Research has shown that learning is more powerfully enabled when curricula are integrated such that connections are established between subject areas rather than as fragmented islands of information or knowledge (Drake, 1993; Edling, 1996; Lewis & Shaha, 1999). The preponderance of school settings continues to maintain subject-specific silos, perpetuating compartmental teaching evidenced by traditional focus on teaching subjects as separate topics (Beane, 1995). Integrated curricula are increasingly recognized as pivotal to learning through knowledge transference between situations and subjects (Bailey & Merritt, 1997; Murnane & Levy, 1996; Lewis & Shaha, 1997, 1999).

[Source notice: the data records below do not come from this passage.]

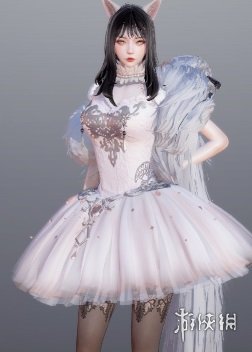 《AI少女》粉色舞裙狐妖白芷MOD电脑版下载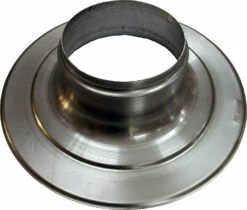 Wolf CWL Excellent Flachdachdurchführung 2577005 0Grad C, Für CWL 400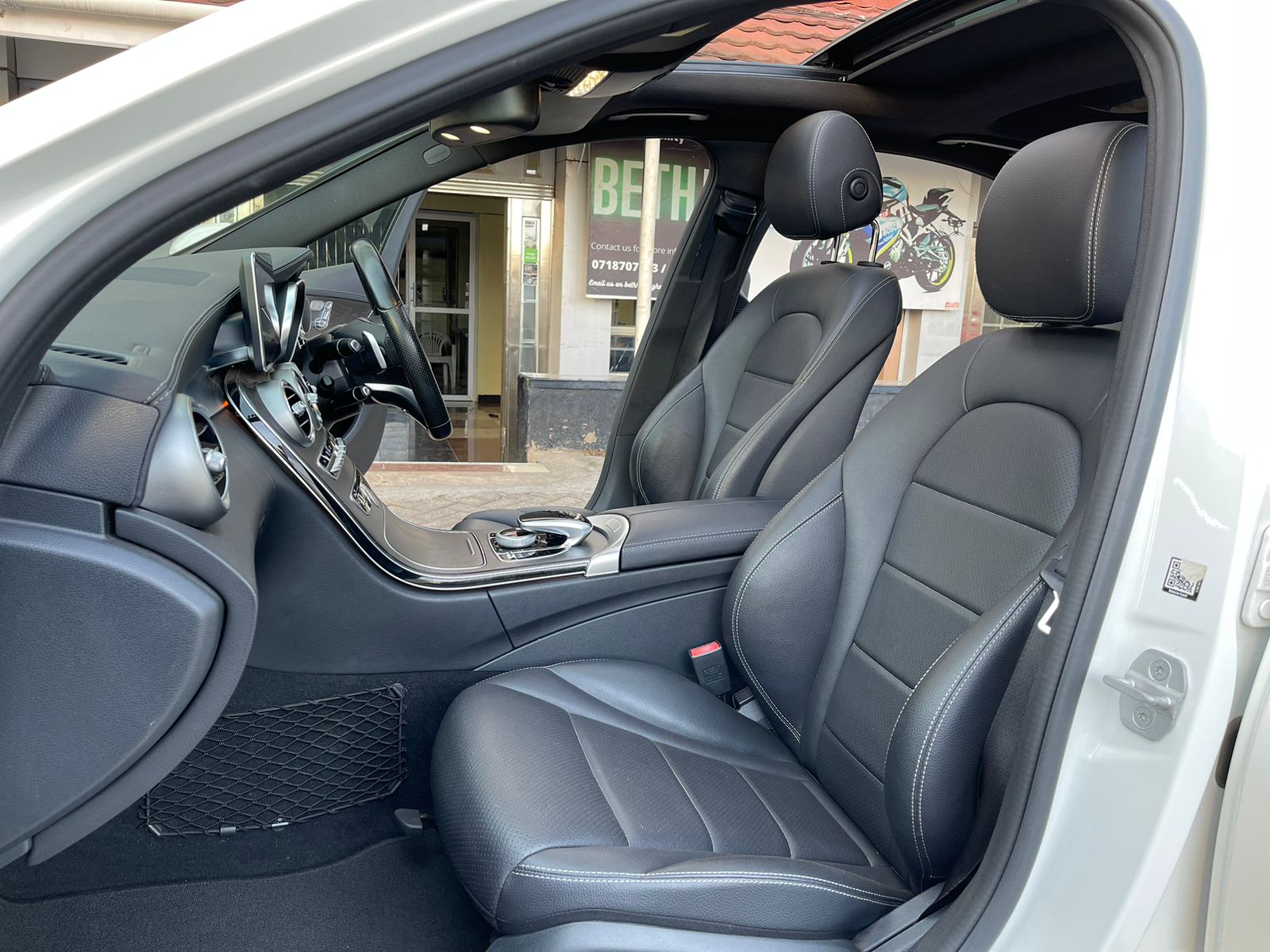 2014 Mercedes-Benz C200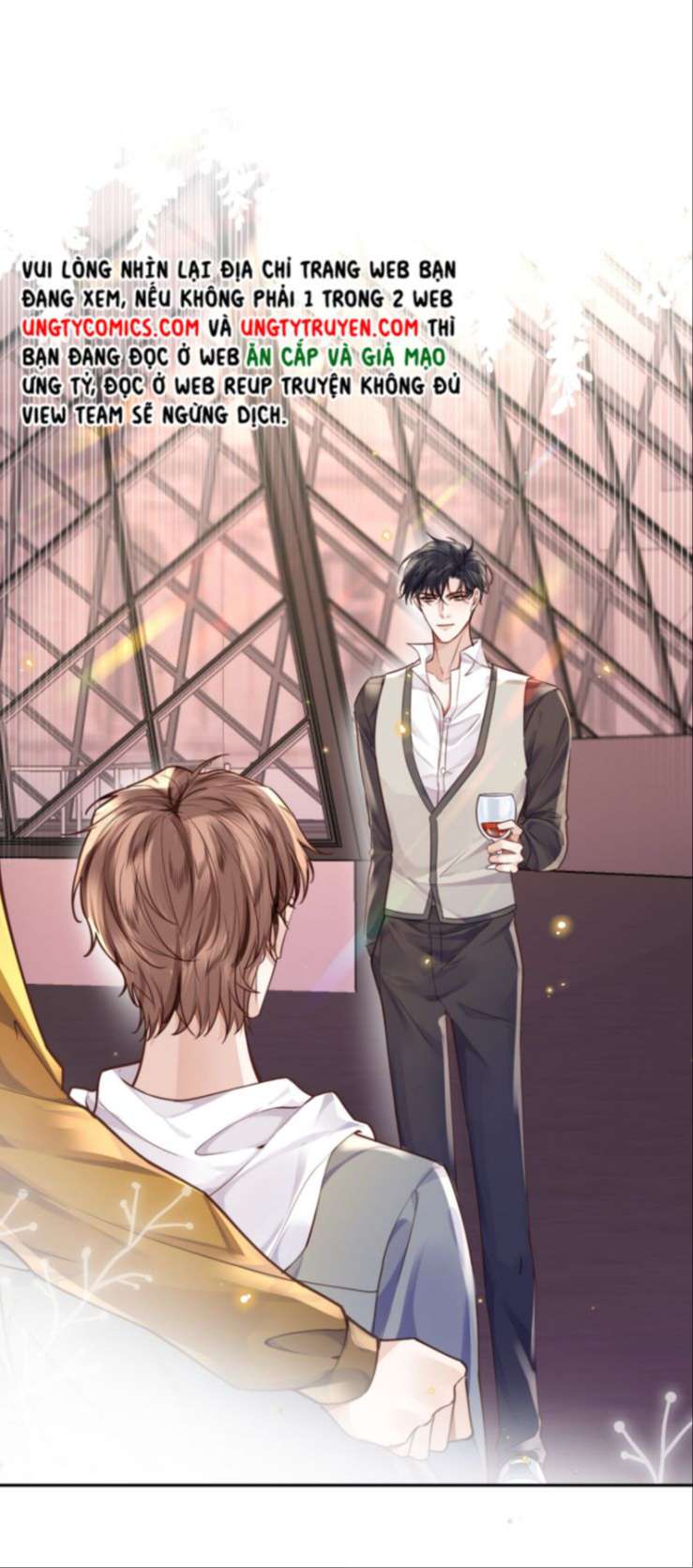 Tổng Tài Định Chế Tư Nhân Chapter 24 - Next Chapter 25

Teachers and administrators alike readily confess that the ideal school experience must be designed to achieve more than just knowledge. The ideal school experience must have favorable attitudinal impacts as well (Bernhardt, 1998; Langford & Cleary, 1995; Lewis & Shaha, 1997; Sagor, 1992; Shaha, 1983, 1984). Traditionally, however, measurement efforts have been limited almost exclusively to assessments of achievement in knowledge alone as the gauge for educational success and pupil achievement, generally as measured through standardized tests. More progressive approaches to assessing the impacts of education have recognized that measurement of both academic and attitudinal benefits from instruction are needed, and that they must be measured and interpreted in context of each other, not in isolation (Bernhardt, 1998; Langford & Cleary, 1995; Lewis & Shaha, 1997; Sagor, 1992; Shaha, 1984).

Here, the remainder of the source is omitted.